In Oran, he founded a small music school with 17 musicians, and conducted an orchestra; but he soon felt that he would not make any progress unless he went to Paris.

In 1931, he arrived in Paris to work on his music and studied with Professor Léon Eugène Moreau, Grand prix de Rome, who taught him harmony, counterpoint, fugue and the piano until the declaration of war in 1939, when he left to rejoin his infantry corps.

In 1940, faced with the rise in Nazism, he returned to Algeria where he painted, drew and conducted an orchestra until 1942. There are collections in Algeria which contain figurative works from this period.
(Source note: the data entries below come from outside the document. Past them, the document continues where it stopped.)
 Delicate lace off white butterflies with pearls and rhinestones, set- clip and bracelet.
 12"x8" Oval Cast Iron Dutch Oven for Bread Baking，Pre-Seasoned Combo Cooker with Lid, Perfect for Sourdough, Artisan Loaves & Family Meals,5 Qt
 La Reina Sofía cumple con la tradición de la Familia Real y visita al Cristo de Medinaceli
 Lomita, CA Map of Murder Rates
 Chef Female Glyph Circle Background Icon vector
In 1942, the Americans landed in Oran, meaning that Jews no longer had to wear the yellow star there. This was the start of Edgar Stoëbel’s sympathy for the Americans and their wonderful organisational skills.

He became aware that the Americans would have a long-lasting impact on the course of history in the 20th century. Due to the frequent contact he had with them, he ended up joining the Americans and the 7th Algerian Infantry Regiment of the French Expeditionary Corps in the Italy Campaign.
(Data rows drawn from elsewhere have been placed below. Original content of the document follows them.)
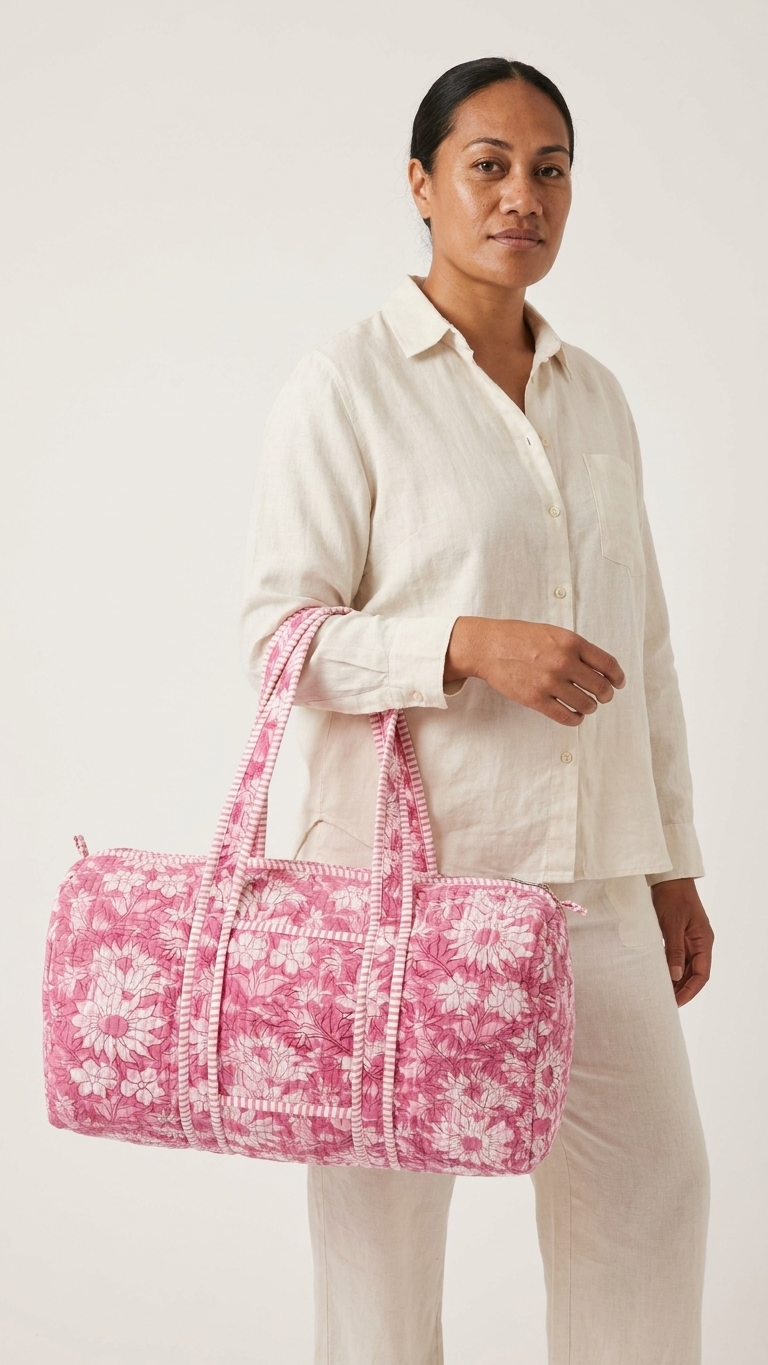 DUFFLE BAG - quilted hand-block print - Purple & Violet.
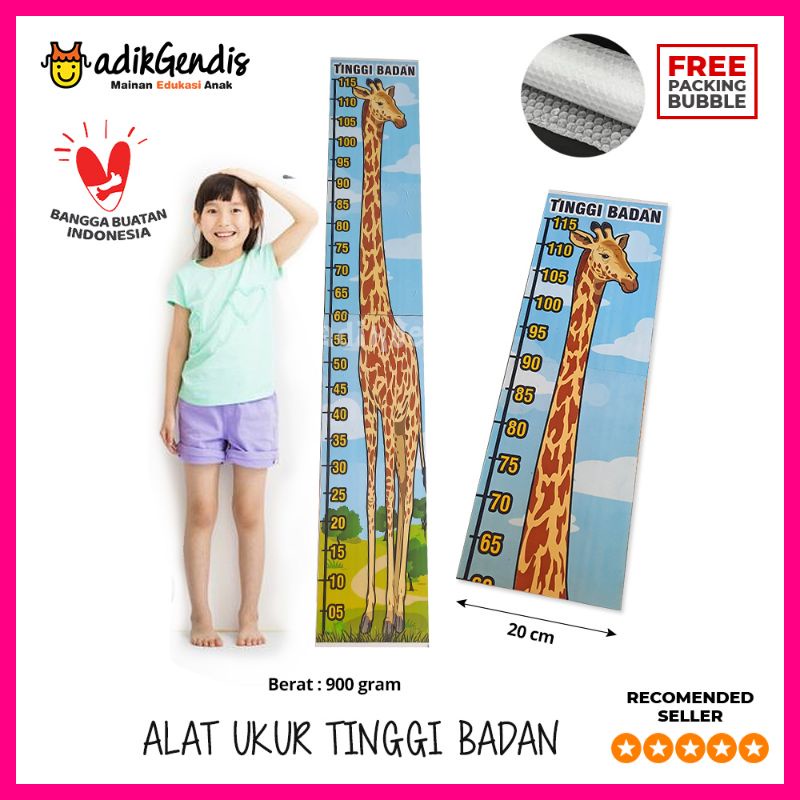 Alat Ukur Tinggi Badan Anak Balok Kayu PAUD / TK / SD / Posyandu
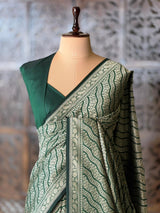 Dark Green Katan Banarasi silk saree - RAZ3F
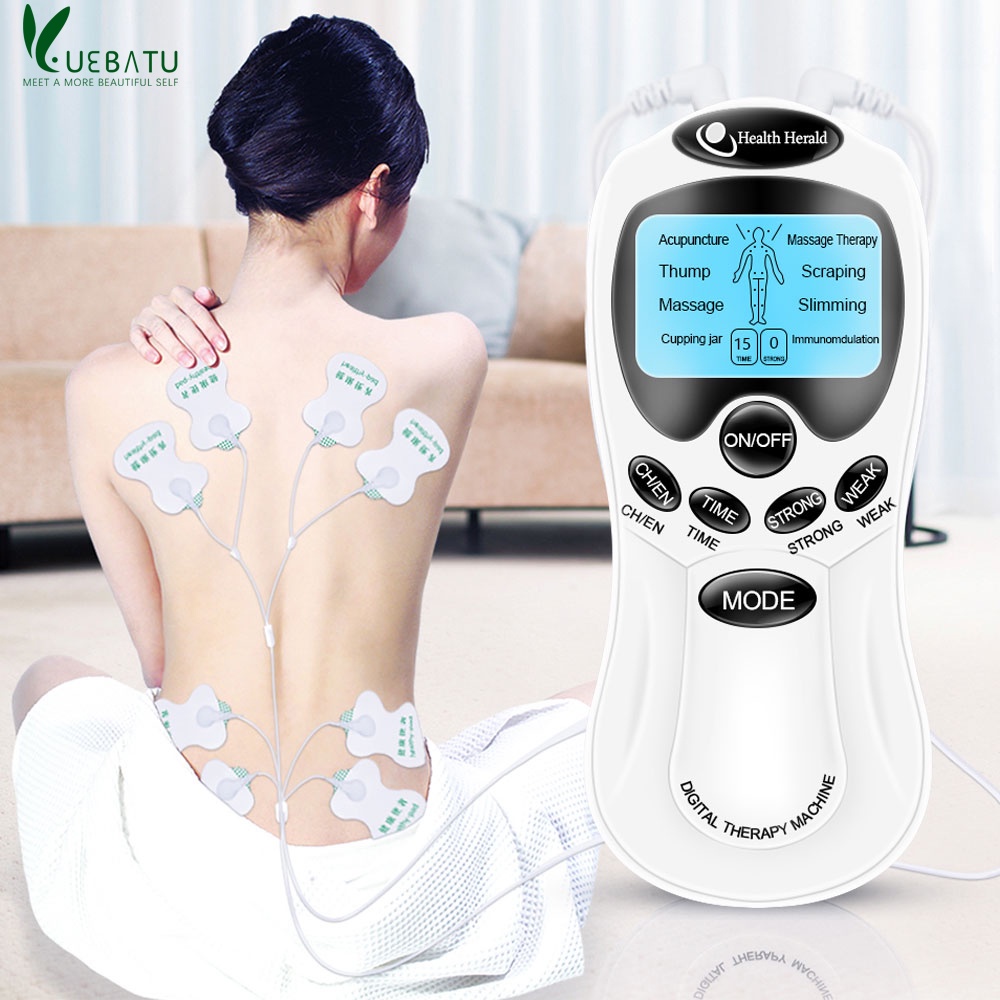 EMS Máy Mát Xa Châm Cứu Kỹ Thuật Số Kèm Miếng Dán Điện Cực Phong Cách Trung Hoa Giúp Mát Xa Giảm Đau Toàn Thân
In December 1942, he was very proud to be part of General Clark's 1st Army, which landed in Naples and fought the Italy campaign as far as Rome and Taranto. He landed in Provence on 19 August 1943, at Saint-Tropez and Port-Vendres and took part in military operations until 1945.
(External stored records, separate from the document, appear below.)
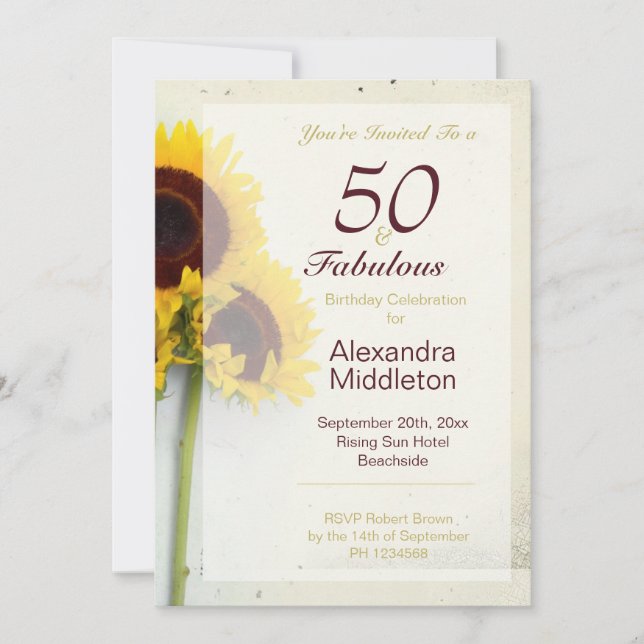 Tournesol Rustique 50e anniversaire Invitation (Devant)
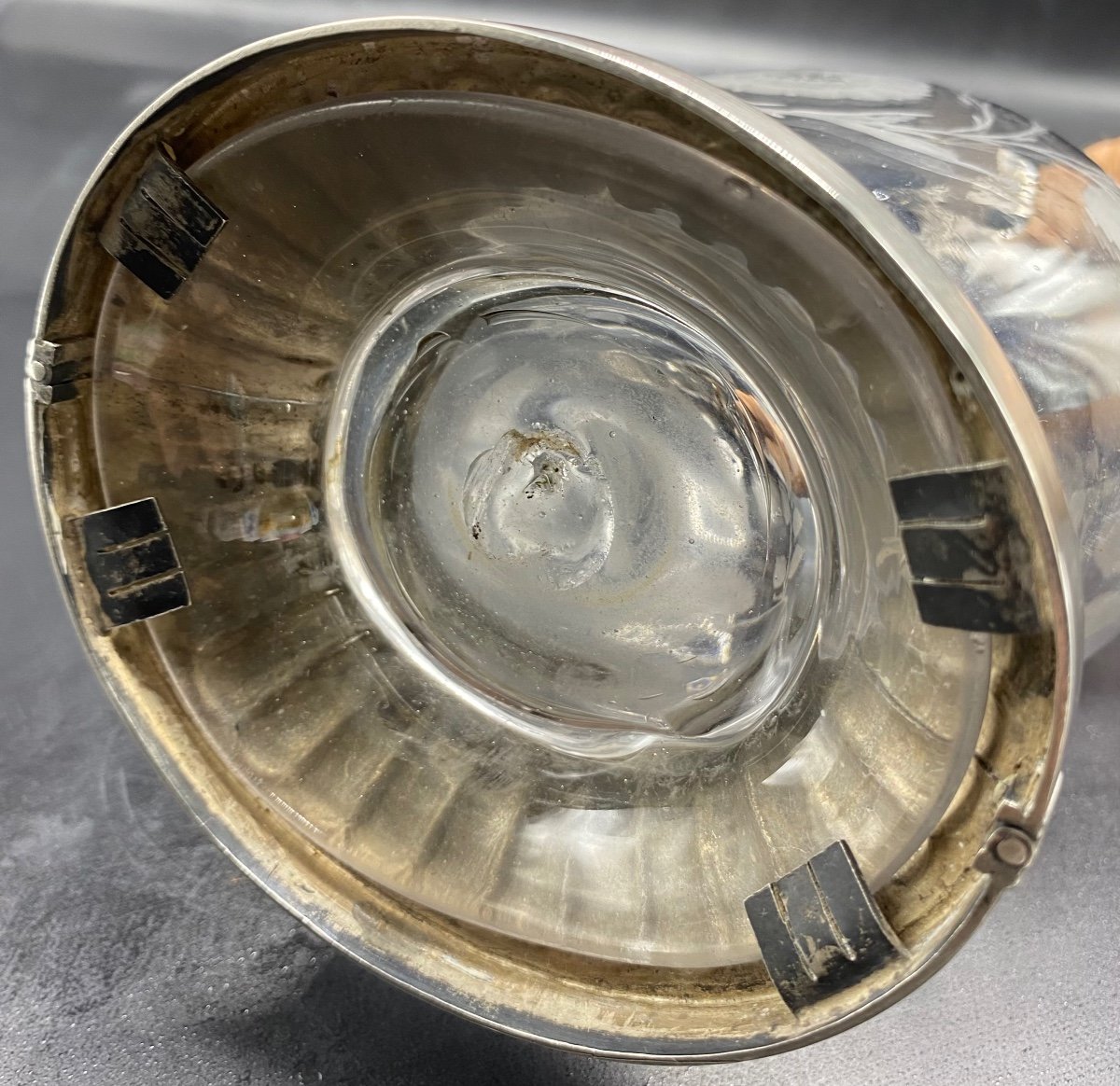 Ewer In Engraved Blown Glass And Mounts In Greek Sterling Silver Beginning 19th Century Smyrna -photo-1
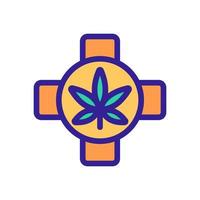 propiedades medicinales del vector icono de cannabis. ilustración de símbolo de contorno aislado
He continued to draw scenes of daily life throughout the Italy campaign, and began producing imaginary drawings that prefigured the Figurasyntheses.

After the Armistice, he returned to Paris and founded the Editions Stoëbel publishing house, writing music and songs which he produced in 78 rpm until the arrival of fine groove records.

From 1945-46 onwards, he gradually left behind music to concentrate more on painting and drawing.

Between 1946 and 1950 he painted a number of figurative landscapes of Montmartre, Place Clichy and Place Pigalle.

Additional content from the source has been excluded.